The information emerged practically at the same time as complaints that the US ambassador to Mexico, Ken Salazar, made after proceedings were held in the Chamber of Deputies on Wednesday to inaugurate a Mexican-Russian “friendship committee” with the presence of diplomats from the Kremlin. The move came just before the the invasion of Ukraine entered its second month.

“We have to be in solidarity with Ukraine and against Russia,” said Salazar in Mexico’s lower house of Congress on Thursday. “The Russian ambassador was here yesterday making a lot of noise about how Mexico and Russia are so close. This, sorry, can never happen. It can never happen,” he added.

In Washington, VanHerck has put the focus on Moscow’s operations in Mexico, where Russia has one of its biggest embassies in Latin America. “I would like to point out that most of the GRU members in the world are in Mexico at the moment. That’s Russian intelligence personnel. And they keep a very close eye on their chances of influencing the opportunities and access that the United States has,” he said during the hearing.

The four-star general was answering questions from senators on the Committee on Armed Services. He also stated that there are actors such as China and Russia that are “very aggressive and active” in the whole area of the Northern Command’s area of responsibility, including the Bahamas and Mexico.

This was not the first time that a member of the military had made such statements. In September, VanHerck pointed to Russia as posing the greatest danger for the United States. “Russia is the primary military threat to the homeland today. It is not China – it is Russia,” VanHerck told Air Force Magazine.

GRU has been linked to some of the most controversial actions blamed on Russia by the West in recent years, and counts on its own special forces squads abroad. The organization is one of the different groups that are authorized to spy for the Russian government, along with the other agencies that succeeded the Soviet Union’s security agency, the KGB.

In the opinion of the head of the US Northern Command, one of the consequences of the instability in Mexico that is caused by drug-trafficking cartels is that Russian or Chinese spies can easily threaten US national security. Transnational criminal organizations operate almost without opposition and open the path to corruption and violence that creates a breach that allows China and Russia to meddle in those countries, he said.

Meanwhile, in Mexico, Ambassador Salazar questioned the decision of some lawmakers to install a pro-Russian group while the Ukrainian conflict drags on. “I remember very well that during the Second World War there was no distance between Mexico and the United States, both were united against what Hitler was doing,” he said during the inauguration of another friendship group in Mexico’s lower house between Mexico and the United States.
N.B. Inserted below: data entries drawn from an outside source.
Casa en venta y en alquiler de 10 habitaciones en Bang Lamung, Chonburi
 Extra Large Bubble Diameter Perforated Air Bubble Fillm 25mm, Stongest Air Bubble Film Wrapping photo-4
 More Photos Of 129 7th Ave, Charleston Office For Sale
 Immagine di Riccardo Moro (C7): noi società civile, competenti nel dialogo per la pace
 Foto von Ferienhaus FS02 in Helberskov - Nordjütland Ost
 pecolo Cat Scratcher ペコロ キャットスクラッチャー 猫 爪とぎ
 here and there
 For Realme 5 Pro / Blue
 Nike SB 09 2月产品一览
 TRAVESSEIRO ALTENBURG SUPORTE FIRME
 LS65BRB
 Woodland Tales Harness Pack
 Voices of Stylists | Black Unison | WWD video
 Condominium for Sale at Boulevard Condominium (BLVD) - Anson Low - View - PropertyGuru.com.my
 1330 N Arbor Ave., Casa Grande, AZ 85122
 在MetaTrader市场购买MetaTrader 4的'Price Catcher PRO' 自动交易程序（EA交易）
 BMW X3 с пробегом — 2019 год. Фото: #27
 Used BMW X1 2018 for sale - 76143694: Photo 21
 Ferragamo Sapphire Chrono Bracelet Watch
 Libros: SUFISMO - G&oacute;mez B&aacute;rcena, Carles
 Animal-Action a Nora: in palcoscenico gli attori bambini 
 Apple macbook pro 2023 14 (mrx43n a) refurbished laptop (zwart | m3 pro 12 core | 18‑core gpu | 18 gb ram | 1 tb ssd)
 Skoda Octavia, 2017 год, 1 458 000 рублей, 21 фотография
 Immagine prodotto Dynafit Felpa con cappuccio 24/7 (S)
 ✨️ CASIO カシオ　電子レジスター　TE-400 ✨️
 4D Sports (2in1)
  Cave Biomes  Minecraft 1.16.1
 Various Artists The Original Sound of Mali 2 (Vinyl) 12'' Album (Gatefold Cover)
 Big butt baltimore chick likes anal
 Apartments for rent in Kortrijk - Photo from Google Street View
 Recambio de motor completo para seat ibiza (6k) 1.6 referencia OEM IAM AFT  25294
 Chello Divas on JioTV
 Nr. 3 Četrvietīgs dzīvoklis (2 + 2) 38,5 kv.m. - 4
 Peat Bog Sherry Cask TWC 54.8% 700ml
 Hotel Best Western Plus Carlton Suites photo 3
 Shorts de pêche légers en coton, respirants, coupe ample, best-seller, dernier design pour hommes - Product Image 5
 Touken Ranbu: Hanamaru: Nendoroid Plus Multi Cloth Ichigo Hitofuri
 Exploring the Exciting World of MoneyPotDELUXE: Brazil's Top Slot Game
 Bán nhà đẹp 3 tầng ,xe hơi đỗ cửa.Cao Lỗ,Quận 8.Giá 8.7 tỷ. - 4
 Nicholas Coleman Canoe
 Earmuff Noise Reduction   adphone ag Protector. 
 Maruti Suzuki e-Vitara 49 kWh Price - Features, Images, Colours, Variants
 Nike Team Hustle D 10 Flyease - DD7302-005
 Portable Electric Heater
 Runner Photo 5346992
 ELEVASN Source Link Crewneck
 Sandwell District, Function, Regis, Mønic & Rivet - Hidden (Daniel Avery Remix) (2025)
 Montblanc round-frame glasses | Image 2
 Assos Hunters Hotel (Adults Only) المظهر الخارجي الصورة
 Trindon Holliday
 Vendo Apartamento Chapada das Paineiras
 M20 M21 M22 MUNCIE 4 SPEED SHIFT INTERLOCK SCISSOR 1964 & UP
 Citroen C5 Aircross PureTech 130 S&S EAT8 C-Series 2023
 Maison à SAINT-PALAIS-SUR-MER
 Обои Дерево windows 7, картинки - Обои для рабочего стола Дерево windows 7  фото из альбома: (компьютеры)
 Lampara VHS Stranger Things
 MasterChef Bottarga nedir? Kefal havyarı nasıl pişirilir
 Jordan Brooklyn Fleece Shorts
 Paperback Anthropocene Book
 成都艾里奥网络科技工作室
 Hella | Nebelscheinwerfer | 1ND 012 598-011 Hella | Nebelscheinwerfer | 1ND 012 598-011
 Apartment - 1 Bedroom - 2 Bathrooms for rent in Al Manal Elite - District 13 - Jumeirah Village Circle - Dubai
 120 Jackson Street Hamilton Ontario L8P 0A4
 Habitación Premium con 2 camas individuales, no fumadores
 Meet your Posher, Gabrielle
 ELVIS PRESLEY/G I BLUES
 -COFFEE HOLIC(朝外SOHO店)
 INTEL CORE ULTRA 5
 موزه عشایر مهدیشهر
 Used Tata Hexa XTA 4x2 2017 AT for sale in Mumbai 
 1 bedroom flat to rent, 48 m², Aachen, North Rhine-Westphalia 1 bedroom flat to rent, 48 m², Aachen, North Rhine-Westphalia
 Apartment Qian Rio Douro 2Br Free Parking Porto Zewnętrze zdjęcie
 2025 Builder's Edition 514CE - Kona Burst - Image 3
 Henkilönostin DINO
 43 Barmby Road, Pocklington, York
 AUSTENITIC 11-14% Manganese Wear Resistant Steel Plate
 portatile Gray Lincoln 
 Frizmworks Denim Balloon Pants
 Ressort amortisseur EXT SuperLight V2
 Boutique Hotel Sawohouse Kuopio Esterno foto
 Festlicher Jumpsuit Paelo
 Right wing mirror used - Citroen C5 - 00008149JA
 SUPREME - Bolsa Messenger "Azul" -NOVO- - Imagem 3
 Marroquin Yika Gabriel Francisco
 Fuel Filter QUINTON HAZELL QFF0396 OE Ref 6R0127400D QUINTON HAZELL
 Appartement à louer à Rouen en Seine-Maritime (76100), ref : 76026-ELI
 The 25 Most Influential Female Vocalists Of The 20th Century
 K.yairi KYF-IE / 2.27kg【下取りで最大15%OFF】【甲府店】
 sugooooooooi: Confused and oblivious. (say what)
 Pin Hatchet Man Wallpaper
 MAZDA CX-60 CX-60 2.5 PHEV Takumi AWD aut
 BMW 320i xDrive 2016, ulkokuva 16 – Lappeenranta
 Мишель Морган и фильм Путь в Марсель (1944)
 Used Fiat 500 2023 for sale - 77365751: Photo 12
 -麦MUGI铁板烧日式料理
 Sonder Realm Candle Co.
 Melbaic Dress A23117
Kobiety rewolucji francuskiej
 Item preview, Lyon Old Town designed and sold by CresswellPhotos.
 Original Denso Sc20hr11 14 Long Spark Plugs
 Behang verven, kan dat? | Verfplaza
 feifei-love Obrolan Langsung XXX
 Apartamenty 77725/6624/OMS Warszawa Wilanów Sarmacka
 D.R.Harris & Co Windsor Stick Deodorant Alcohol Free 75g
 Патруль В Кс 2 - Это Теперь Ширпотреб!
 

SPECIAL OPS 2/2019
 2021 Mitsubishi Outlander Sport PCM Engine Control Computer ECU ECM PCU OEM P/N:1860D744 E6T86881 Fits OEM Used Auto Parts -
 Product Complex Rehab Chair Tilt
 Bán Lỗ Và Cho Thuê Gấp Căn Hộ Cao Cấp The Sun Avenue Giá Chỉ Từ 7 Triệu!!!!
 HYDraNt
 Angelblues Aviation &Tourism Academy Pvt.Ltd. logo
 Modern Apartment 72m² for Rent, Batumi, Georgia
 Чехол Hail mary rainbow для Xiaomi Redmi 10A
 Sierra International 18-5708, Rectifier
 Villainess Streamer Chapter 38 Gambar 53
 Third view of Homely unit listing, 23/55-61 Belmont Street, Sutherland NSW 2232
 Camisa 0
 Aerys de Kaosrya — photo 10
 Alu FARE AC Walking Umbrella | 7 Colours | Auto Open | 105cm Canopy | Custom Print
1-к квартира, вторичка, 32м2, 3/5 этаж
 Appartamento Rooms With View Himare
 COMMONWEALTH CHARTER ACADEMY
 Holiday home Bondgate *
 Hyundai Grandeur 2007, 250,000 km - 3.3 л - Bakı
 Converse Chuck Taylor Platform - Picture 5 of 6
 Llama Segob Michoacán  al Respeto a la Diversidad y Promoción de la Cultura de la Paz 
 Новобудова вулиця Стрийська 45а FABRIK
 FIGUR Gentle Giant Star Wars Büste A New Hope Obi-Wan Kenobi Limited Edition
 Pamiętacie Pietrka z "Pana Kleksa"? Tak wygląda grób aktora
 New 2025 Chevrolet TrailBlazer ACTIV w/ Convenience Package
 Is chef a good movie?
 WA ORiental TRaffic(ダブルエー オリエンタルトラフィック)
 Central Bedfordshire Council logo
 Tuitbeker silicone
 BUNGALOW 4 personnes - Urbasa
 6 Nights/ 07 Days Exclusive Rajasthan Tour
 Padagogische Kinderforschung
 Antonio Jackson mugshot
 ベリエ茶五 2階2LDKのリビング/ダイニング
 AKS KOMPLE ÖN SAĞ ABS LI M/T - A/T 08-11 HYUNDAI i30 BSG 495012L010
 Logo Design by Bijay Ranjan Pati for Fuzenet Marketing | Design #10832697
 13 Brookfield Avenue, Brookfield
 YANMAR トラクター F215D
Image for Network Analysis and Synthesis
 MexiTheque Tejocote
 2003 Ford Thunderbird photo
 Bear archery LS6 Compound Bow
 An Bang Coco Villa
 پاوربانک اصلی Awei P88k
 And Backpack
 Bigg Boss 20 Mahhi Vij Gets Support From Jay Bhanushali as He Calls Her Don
These friendship groups would no doubt have passed unnoticed were it not for the war in Ukraine. But in the context of the conflict, the creation of the friendship committee between Russia and Mexico has been mired in controversy, and has been harshly criticized by the opposition as being “reckless” and “aberrant.”

The inauguration of the group meant a way into Mexico’s Congress, during an official ceremony, of the Russian version of the conflict in Ukraine. This narrative has been branded as propaganda by the West and has been rejected by 140 countries at the General Assembly of the United Nations – including Mexico, which “energetically” condemned the Russian assault at the end of February.

Meanwhile, the White House is pushing for unity in Mexico over the conflict. For Washington, its southern neighbor is a key ally in Latin America, a region where Russia has found the international backing that it lacks in other parts of the world and where it counts on allies such as the government of Nicolás Maduro in Venezuela, Miguel Díaz-Canel in Cuba and Daniel Ortega in Nicaragua.

Among suspicions of spying and mutual accusations of propaganda, two formal ceremonies in Mexico sparked controversy and indignation thousands of miles away from the armed conflict, and in a region that is accustomed to observing power games from far away. And in a country where, until now, there were no doubts about its position in the face of the Russian offensive.